### Exercise requirements
Print the whole listing below exactly as given, pictures excluded.

### Supplied information
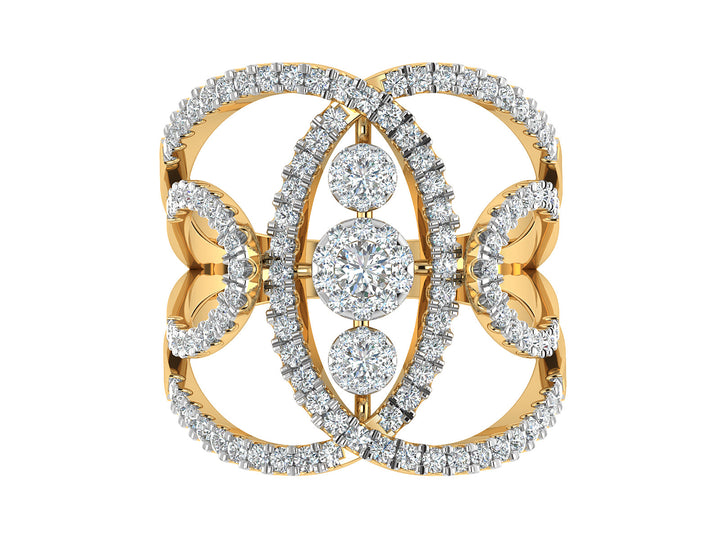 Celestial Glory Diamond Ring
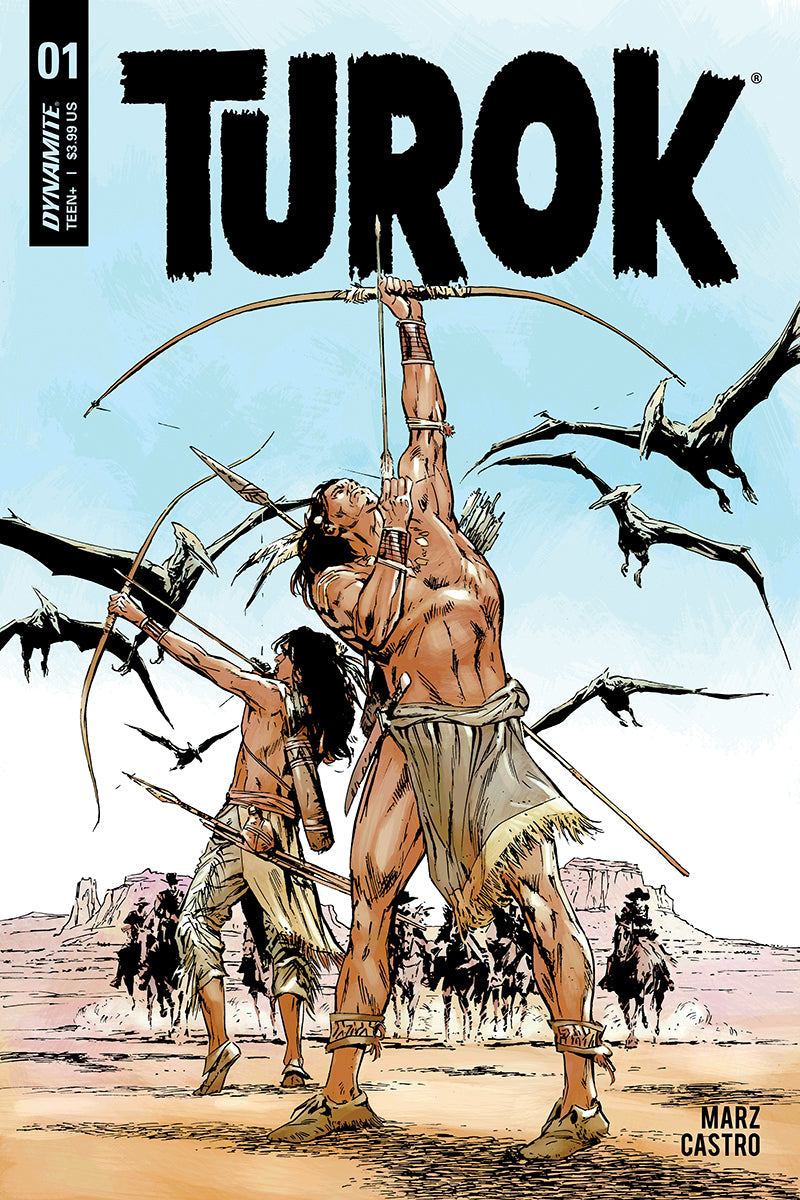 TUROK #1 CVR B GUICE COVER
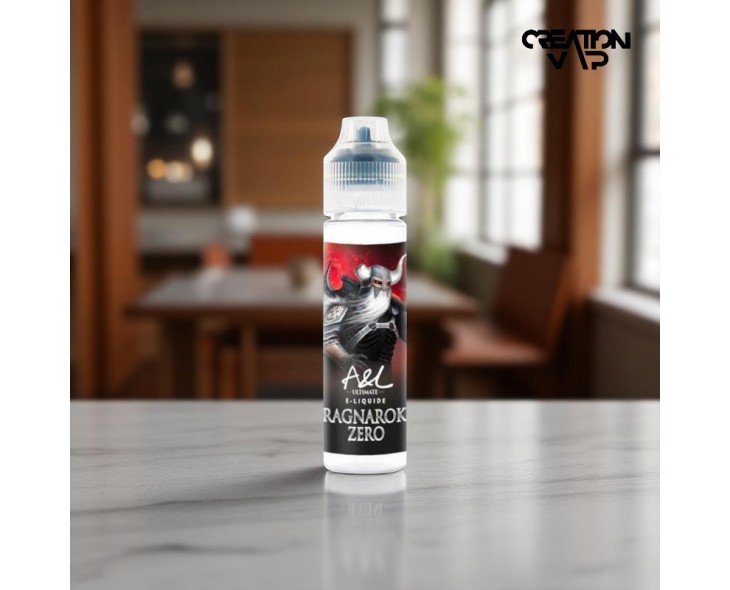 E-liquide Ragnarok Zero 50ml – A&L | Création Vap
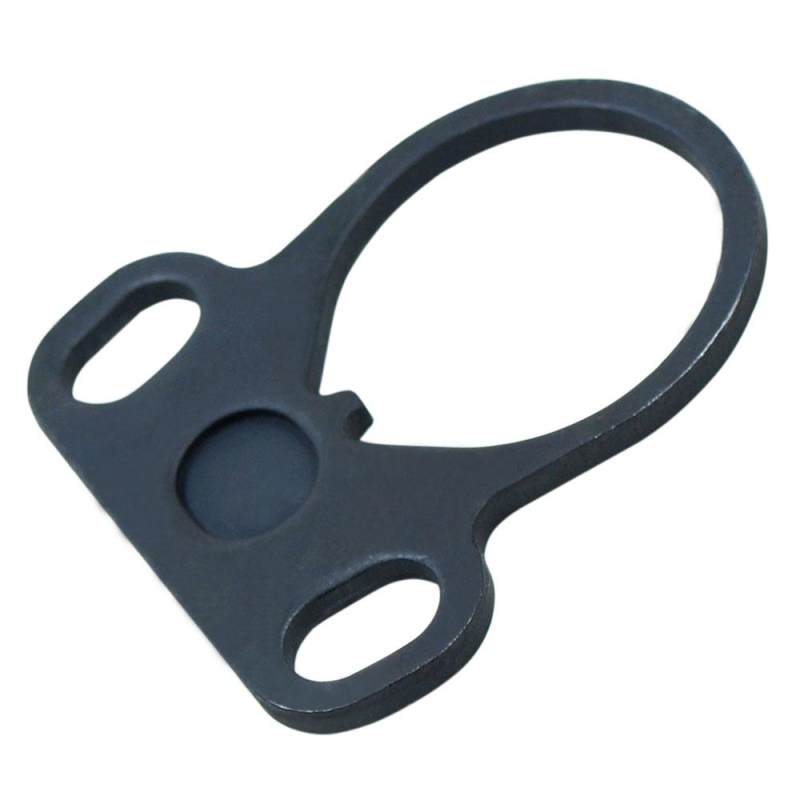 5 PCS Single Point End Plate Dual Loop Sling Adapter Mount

### Response to this task
 Celestial Glory Diamond Ring
 TUROK #1 CVR B GUICE COVER
 E-liquide Ragnarok Zero 50ml – A&L | Création Vap
 5 PCS Single Point End Plate Dual Loop Sling Adapter Mount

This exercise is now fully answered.